YOUR GOAL:
Transcribe the entries exactly as they stand below, passing over any picture.
··· SOURCE MATERIAL
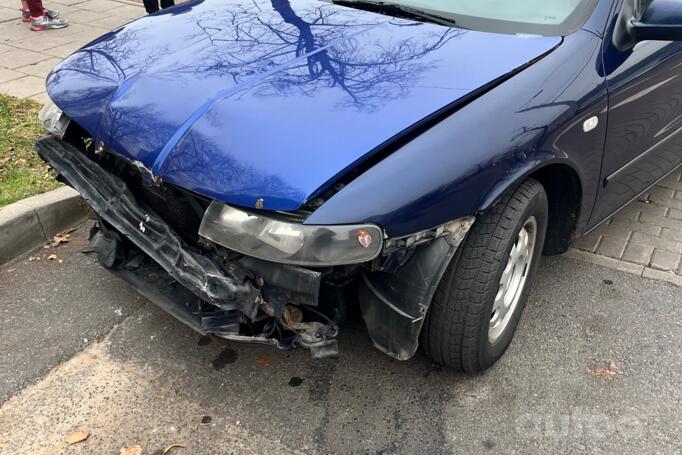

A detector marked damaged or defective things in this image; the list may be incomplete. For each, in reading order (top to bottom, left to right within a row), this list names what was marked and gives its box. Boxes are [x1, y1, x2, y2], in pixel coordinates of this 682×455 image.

broken headlight housing [38, 100, 69, 140]
front grille damage [34, 135, 338, 360]
damaged front bumper [35, 135, 472, 364]
broken headlight housing [199, 202, 386, 268]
······
EXERCISE ANSWER:
A detector marked damaged or defective things in this image; the list may be incomplete. For each, in reading order (top to bottom, left to right within a row), this list names what was marked and gives its box. Boxes are [x1, y1, x2, y2], in pixel coordinates of this 682×455 image.

broken headlight housing [38, 100, 69, 140]
front grille damage [34, 135, 338, 360]
damaged front bumper [35, 135, 472, 364]
broken headlight housing [199, 202, 386, 268]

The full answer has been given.